What do you think Queen Vashti did when she heard the King’s order? She refused; she wasn’t about to allow herself and the King (who was not in his right mind) to be disgraced; she was a woman of conviction and even though she knew that the price would be high to refuse, she sent back word, “I’m not coming.”
So they remove Vashti’s crown and issue a decree that all
women in the empire, must respect their husband. It is as if they thought that they could demand that their wives respect them. But that’s not how it works; respect cannot be demanded, it must be earned.
Scene Two, “The Pageant”
They are looking for a replacement for Queen Vashti. Xerxes’ attendant suggests sending out commissioners to all 127 provinces, and that they should bring back to Susa the most beautiful women they can find.
He said, “And let the one who pleases you, be the next Queen, and we will help you judge.”
It is here that we see the invisible hand of God begin to move, and it stops at Esther.
Esther is chosen as one of the girls from her province. Mordecai, her adopted father, tells her to keep the fact that she is a Jew hidden.
Regardless of the odds, Esther would win. After she had gone through the prescribed beauty treatments, 6 months of oils and 6 months of perfumes and cosmetics, she was brought before Xerxes.
17 Well, the king loved Esther more than any of the other girls. He was so delighted with her that he set the royal crown on her head and declared her queen instead of Vashti.
18 To celebrate the occasion, he threw another big party for all his officials and servants, giving generous gifts to everyone and making grants to the provinces in the form of remission of taxes.
Esther 2:17-18 (Living)
Scene two closes with a very important point stuck in at the end. Mordecai worked at the king’s gate where he overheard two men plotting to assassinate Xerxes. He told Esther, and Esther told Xerxes, and the men were arrested, found guilty and hanged. And this event was recorded in The Book of Annals, which was kind of like the minutes of a meeting.
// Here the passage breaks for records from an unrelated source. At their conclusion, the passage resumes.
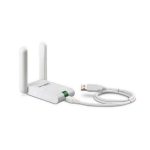 Adaptador de Red TPLINK de Alta Ganancia USB 300Mbps Antenas Externas COLOR Blanco - Imagen 3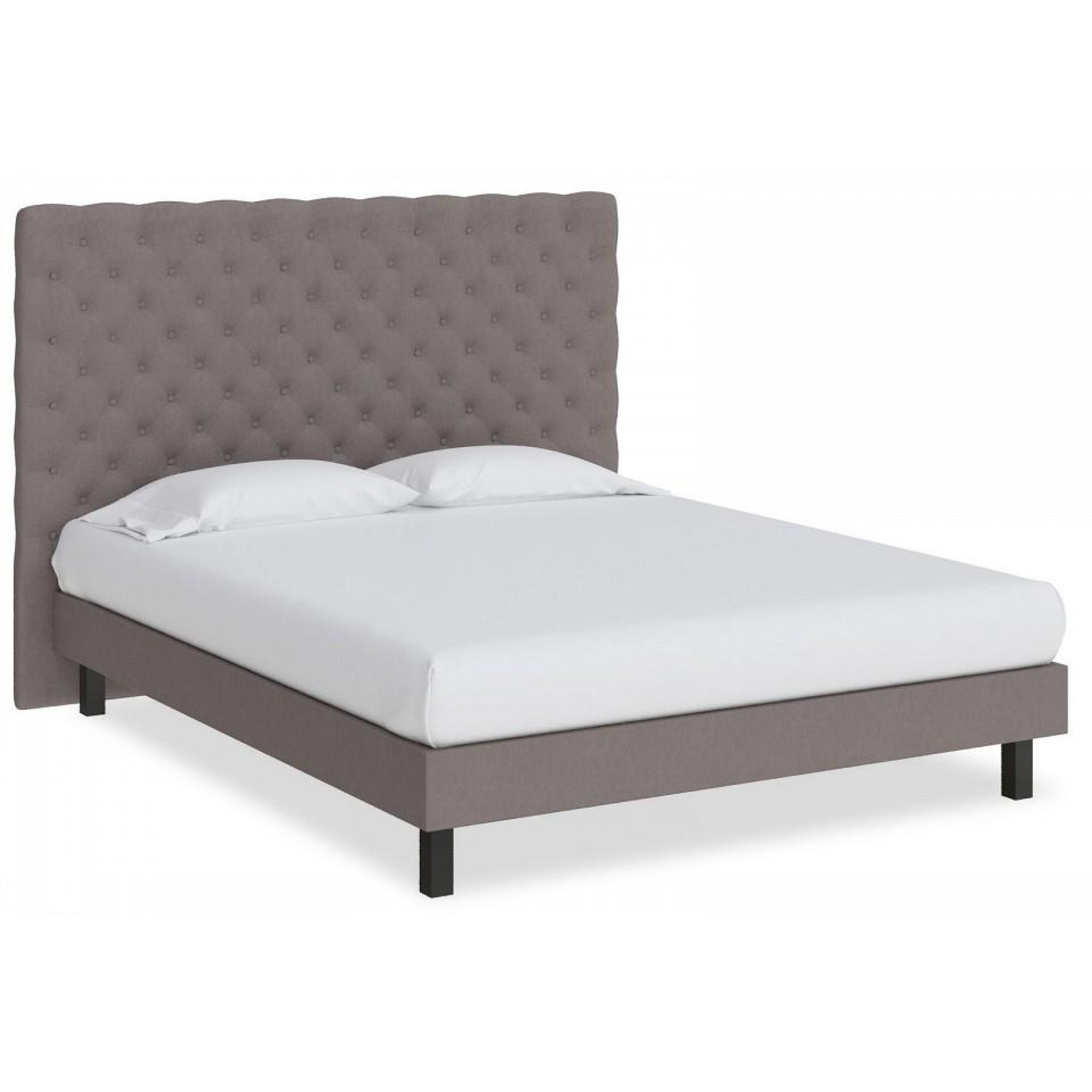 Кровать двуспальная Paris Boxspring Standart  ORM_160-200-ParisBoxspringStandart-TetraMarble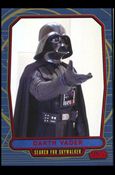Star Wars Galactic Files (Red Foil Parallel Base Set) card 130 Darth Vader - Search For Skywalker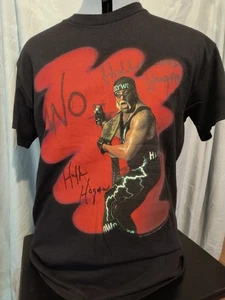 Camiseta De Colección 1998 N.W.o Hulk Hogan M Nueva Orden Mundial WCW Lucha Libre Original - Imagen 1 de 4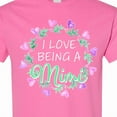 thumbnail image 4 of Inktastic I Love Being a Mimi Circle of Hearts T-Shirt, 4 of 5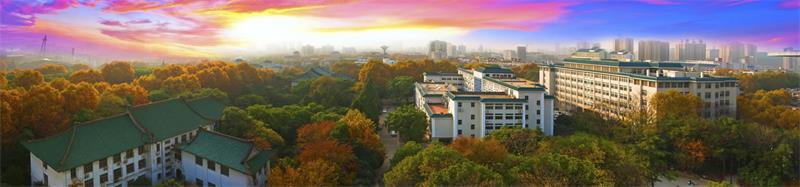 华中师范大学校景 华中师范大学校景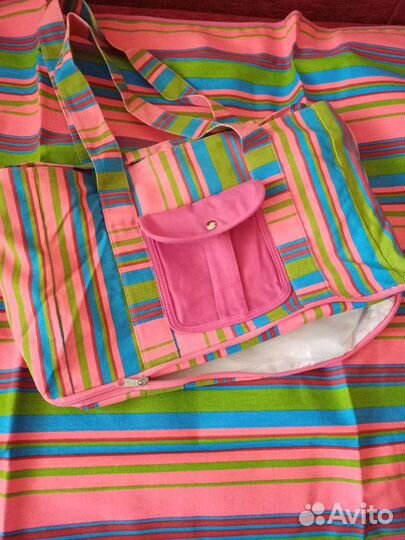 Сумка пляжная с ковриком Oriflame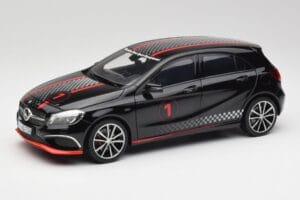 Mercedes A-Class W176 AMG Black Norev 1:18 183596 Diecast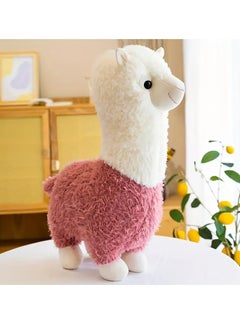 Toko Adorable Alpaca Plush Toy | Soft Stuffed Animal Pillow | 1 Pc Cuddly Llama Plushie | Perfect Gift for All Ages  - Image 1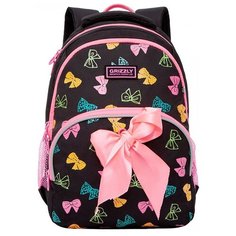 Grizzly Рюкзак школьный, черный , RG-160-3/1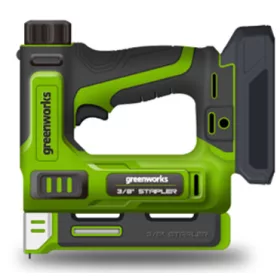   Tűzőgép akkumulátoros Greenworks G24CS10 24v 10 mm akku és töltő nélkül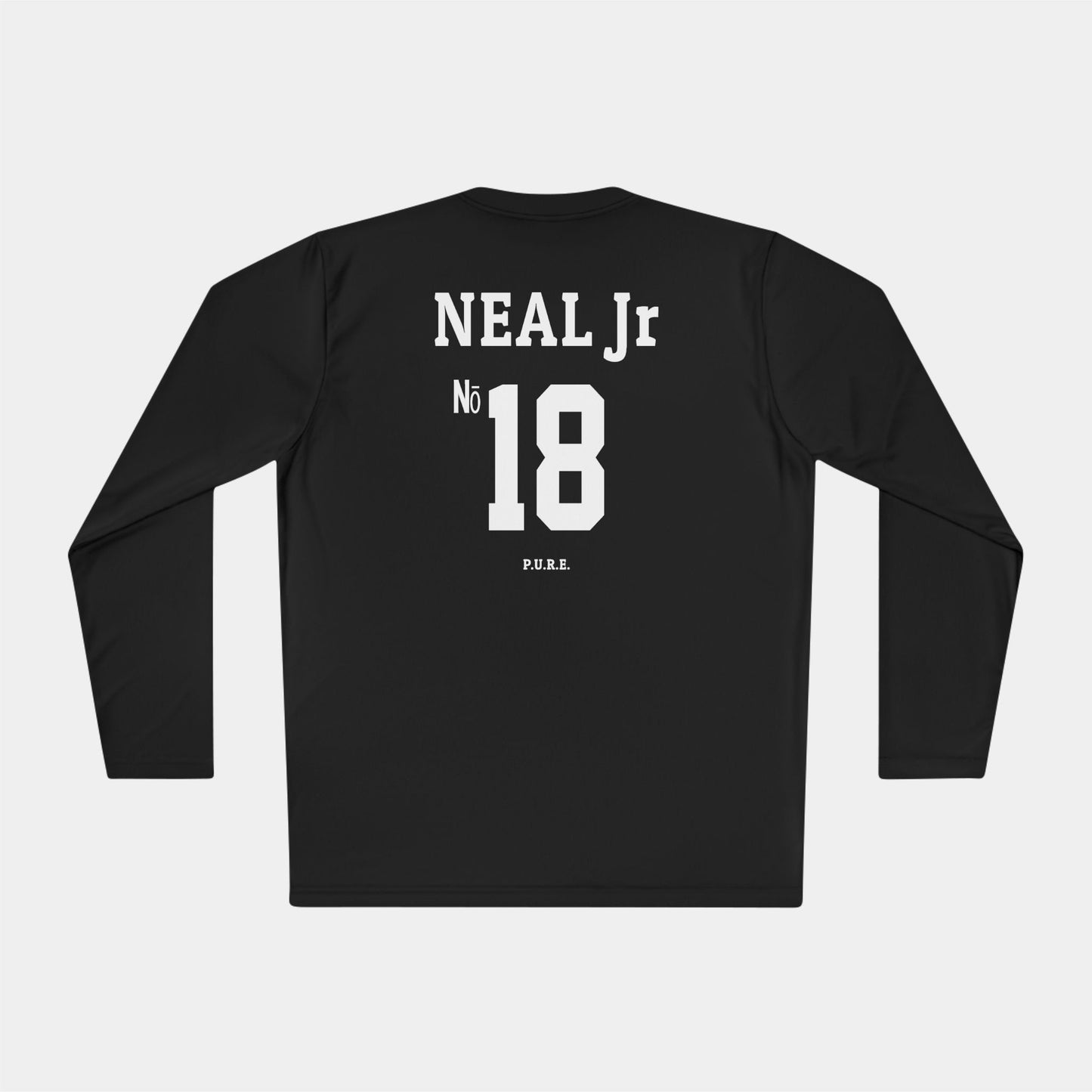 Eric Neal Jr #18 Performance Long Sleeve Tee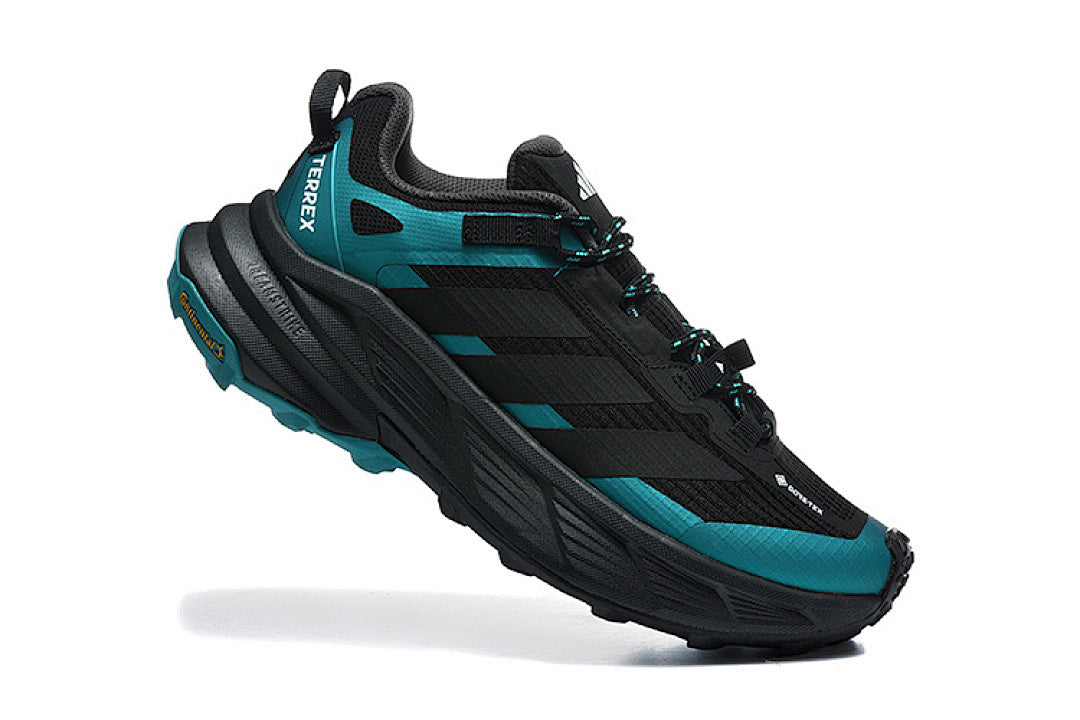 adidas Terrex Soulstride Flow GORE-TEX Core Black/Aurora Ink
Now you need to remember that bit if information because you will need it later.
Scene Three, “The Plot”
As this scene opens up, the villain steps onstage for the first time. We finally meet Hamon.
We see Hamon being promoted to the highest office in the kingdom; he is made second in command to Xerxes, himself, and Xerxes has also ordered that whenever Hamon walks by, everyone must bow down and worship him.
Mordecai, who worked at the gate, refused to bow down and give homage and worship to Hamon. When Hamon learned of this, he was furious, and when he learned that Mordecai was a Jew, his fury raged with even more intensity.
Hamon hated the Jews. They were the most stubborn people that he had ever seen. All of the other conquered nations would bow and give honors to Persian leaders, but not the Jews. They would not bow to anyone except their God. Listen to these two verses:
5,6 Haman was furious but decided not to lay hands on Mordecai alone, but to move against all of Mordecai's people, the Jews, and destroy all of them throughout the whole kingdom of Xerxes.
Esther 3:5,6 (Living)
Then Hamon went to Xerxes, to try to sell the king on his idea. Can’t you just imagine Hamon buttering-up the King?
8 Haman now approached the king about the matter. "There is a certain race of people scattered through all the provinces of your kingdom," he began, "and their laws are different from those of any other nation, and they refuse to obey the king's laws; therefore, it is not in the king's interest to let them live.